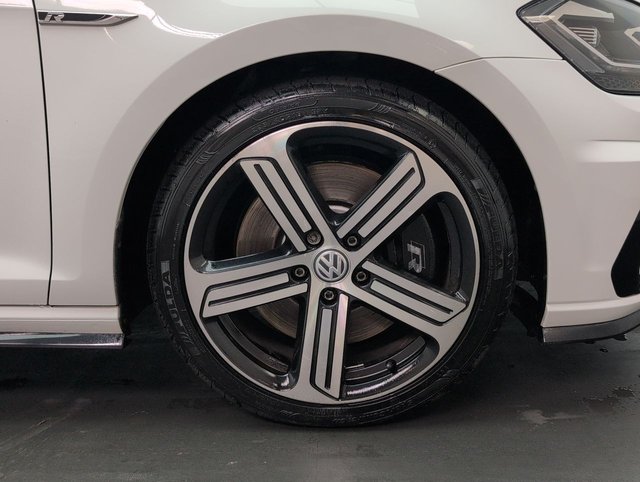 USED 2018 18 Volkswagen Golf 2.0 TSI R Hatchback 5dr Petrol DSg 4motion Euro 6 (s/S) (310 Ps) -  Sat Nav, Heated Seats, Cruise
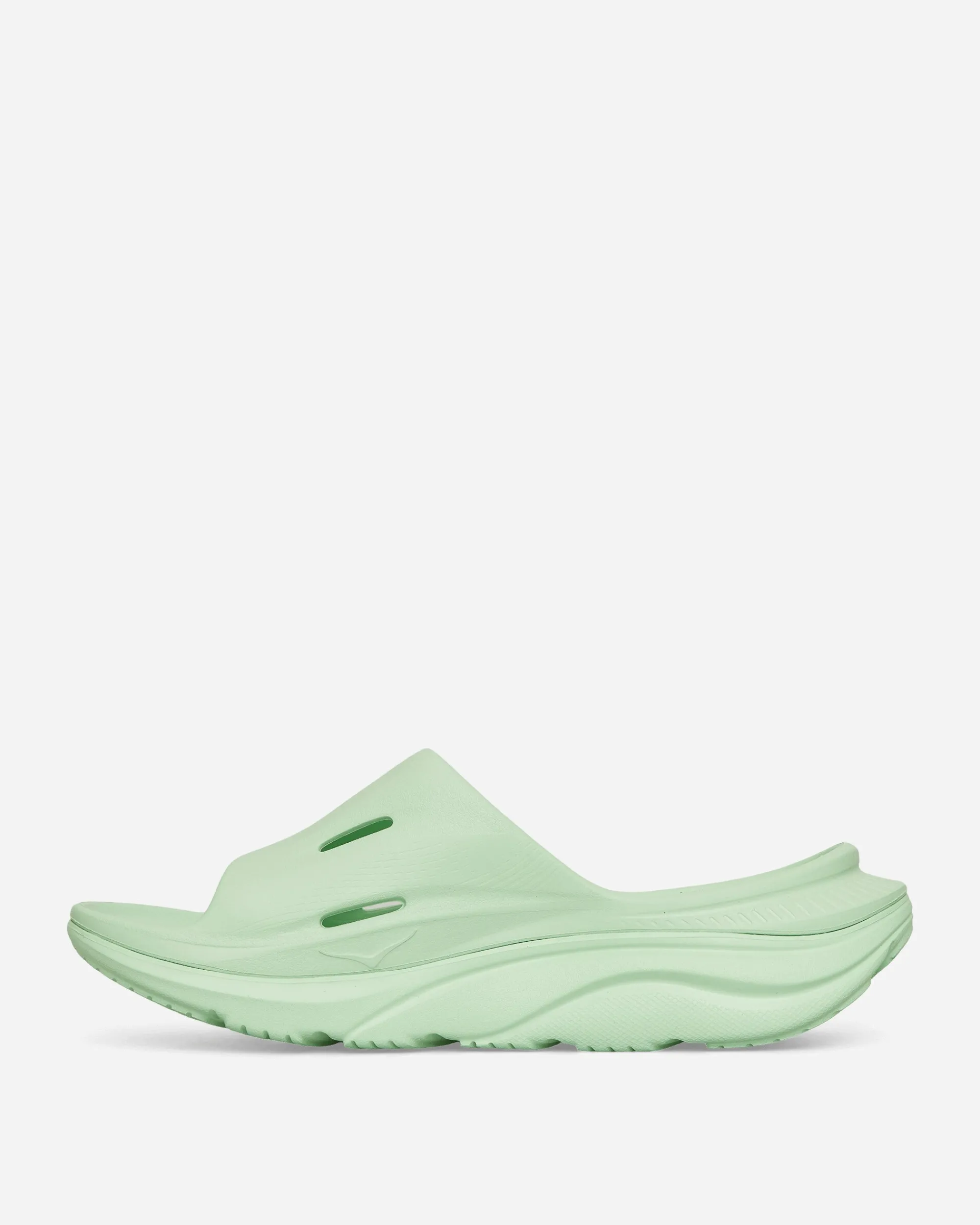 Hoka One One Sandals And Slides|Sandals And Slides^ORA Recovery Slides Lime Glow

---

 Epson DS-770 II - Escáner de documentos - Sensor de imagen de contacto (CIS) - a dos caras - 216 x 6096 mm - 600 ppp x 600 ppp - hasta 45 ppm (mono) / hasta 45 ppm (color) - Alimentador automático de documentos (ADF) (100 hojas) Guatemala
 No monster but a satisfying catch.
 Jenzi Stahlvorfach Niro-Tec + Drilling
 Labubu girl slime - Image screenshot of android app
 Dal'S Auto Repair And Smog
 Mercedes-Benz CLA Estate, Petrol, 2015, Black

Task instructions: Once the line with "USED 2018 18" is found above, transcribe each line from it through the line with "Hoka One One", exactly, and omit the pictures.

Your response:
 USED 2018 18 Volkswagen Golf 2.0 TSI R Hatchback 5dr Petrol DSg 4motion Euro 6 (s/S) (310 Ps) -  Sat Nav, Heated Seats, Cruise
 Hoka One One Sandals And Slides|Sandals And Slides^ORA Recovery Slides Lime Glow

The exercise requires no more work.